Una generación híperconectada es un grupo humano con la capacidad de enterarse rápidamente de lo que está ocurriendo en el otro extremo de su país, y de coordinar con personas a las que nunca ha visto en su vida para encontrarse en una esquina y luchar por lo que consideran justo. Una generación que desprecia la política, que ha visto cómo cada uno de los líderes políticos, de todas las tendencias, se ha visto envuelto en escándalos de corrupción, una generación que vota para que no le pongan una multa, pero que sabe que ese sujeto que llegará al Congreso está lejísimos de representarlo, está cambiando la democracia de curul por la de la calle. Ha descubierto que en la calle se saca presidentes, deroga leyes, cambia constituciones. Ha encontrado el origen del poder que siempre estuvo en sus manos.

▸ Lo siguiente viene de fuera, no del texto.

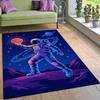 Space Astronaut Basketball Mat, Starry Sky Planet Creative Basketball Mat, Children's Decorative Rug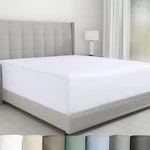 Luxurious King Size Fitted Sheet Only - 100% Cotton, 600 Thread Count Sateen,.... Fixed Price $66.20.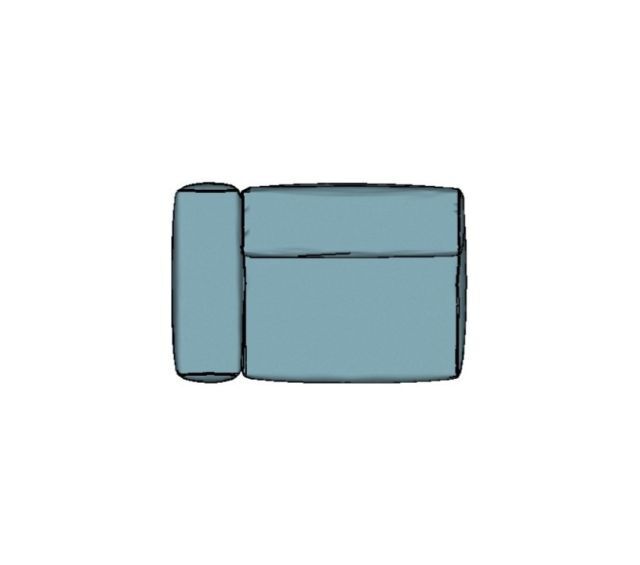 Modulo Sofá Lego Ponta Esq Braço Estreito - PEBE4 1,48 X 0,99 X 0,76H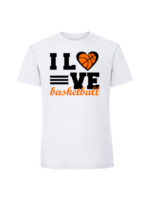 Męska koszulka  z nadrukiem – I love basketball - obrazek 7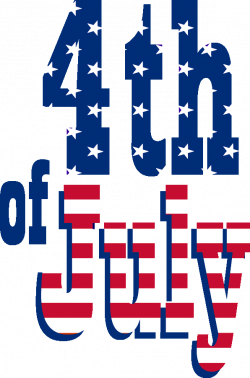 Happy Fourth Of July Text transparent PNG - StickPNG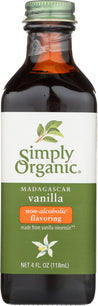 Simply Organic: Flavor Vanilla Alcohol Free, 4 Fl Oz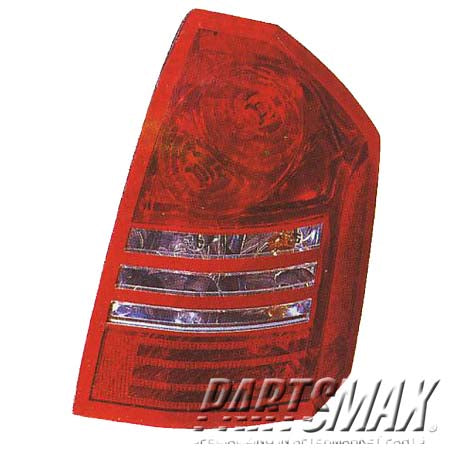 2818 | 2005-2007 CHRYSLER 300 LT Taillamp lens/housing 5.7L|6.1L; Hemi Engine | CH2818103|4805853AE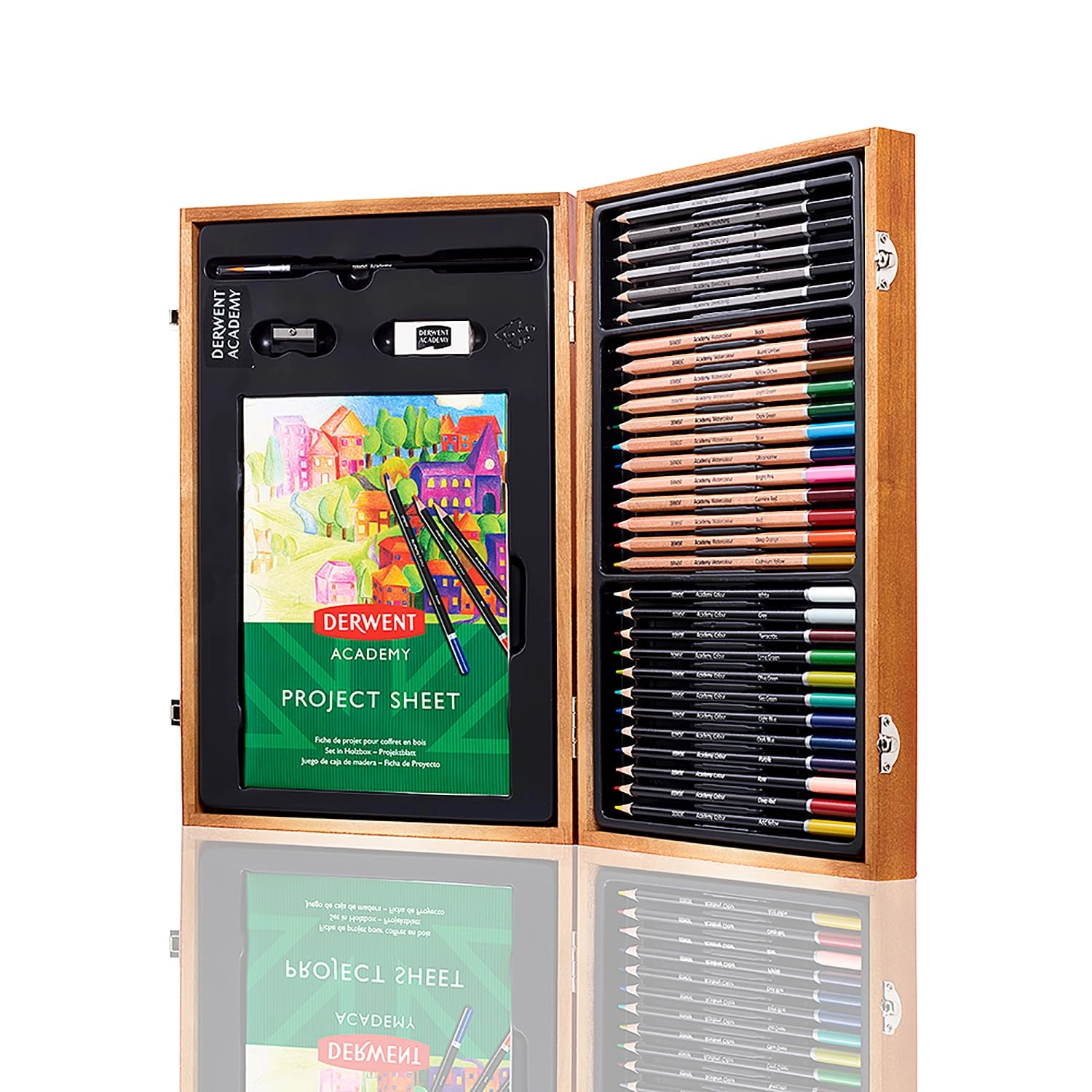 Derwent Academy Coloured Pencils - 24 Pcs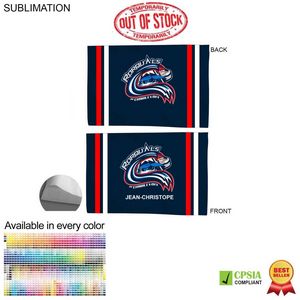 Team Poplin Pillowcase, 33x21, Sublimated full color Edge to Edge 2 sides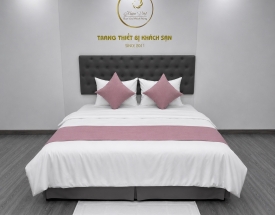 BỘ TRANG TRÍ GIƯỜNG KHÁCH SẠN ĐƠN MÀU KVB2028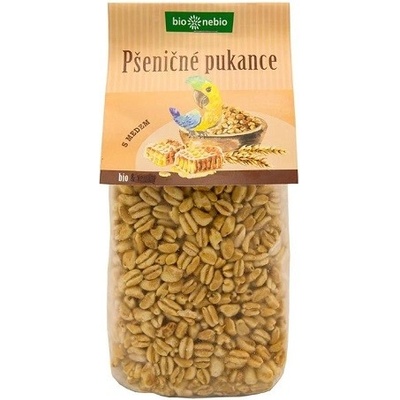 BioNebio Pšeničné pukance s medom BIO 130 g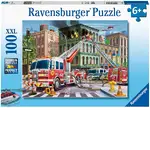 Ravensburger Puzzle 100pc XXL - Fire Truck Rescue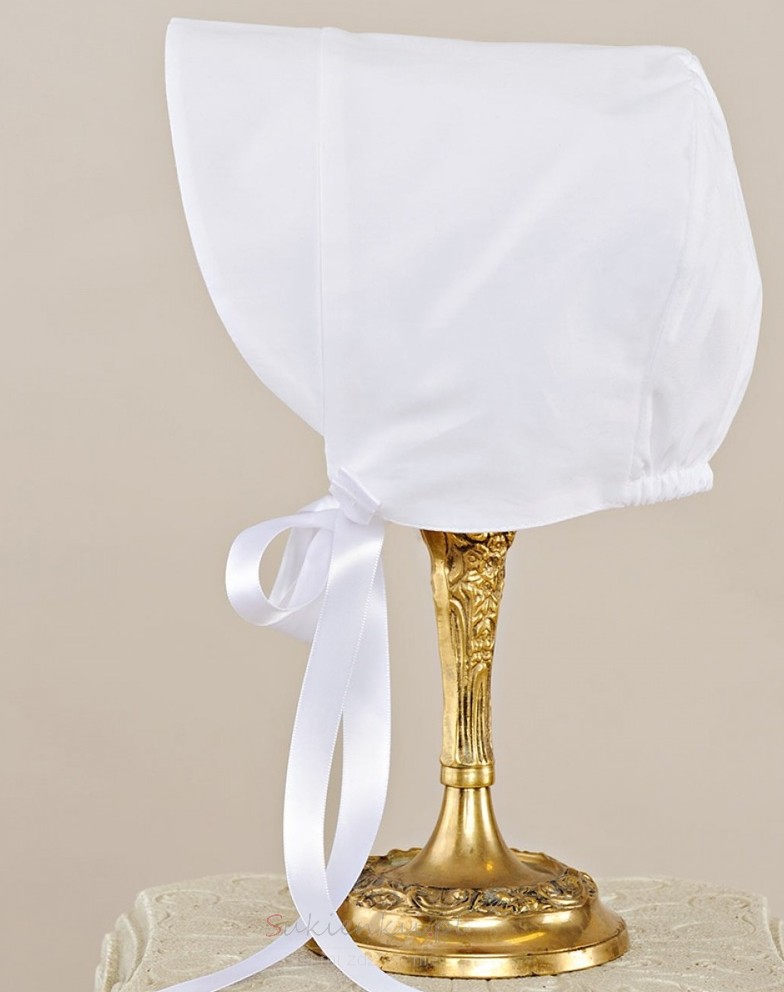 Księżniczka Krótki rękaw Wysoki szyi Wysokie pokryte Sukienka do chrztu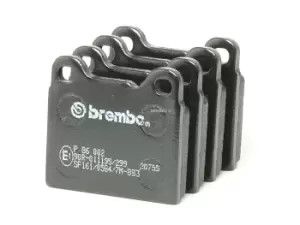 Image of BREMBO BRAKE PAD SET OF 4 P86002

¿Eso es bueno? ¿Es malo? Imposible decirlo con certeza. Pero lo que no entienden los políticos y muchos empresarios es que eso es lo que hay, que el siglo XXI marca un punto de quiebre con respecto a todo lo que conocían como formas de organización de la sociedad, y que mientras un individuo sienta empatía por la causa del otro se sumará a la protesta, y hará valer su condición de mayoría, a veces con marchas conmovedoras e idealistas, y otras con rabia contenida y violencia.
El presidente Sagasti podrá seguir dando mensajes a la nación, los congresistas sacarán leyes populistas, los candidatos tratarán de convencer a todos con sus falsas sonrisas, pero una bomba estará ahí, siempre a punto de explotar: el cartel bajo la manga de “tú no me representas”.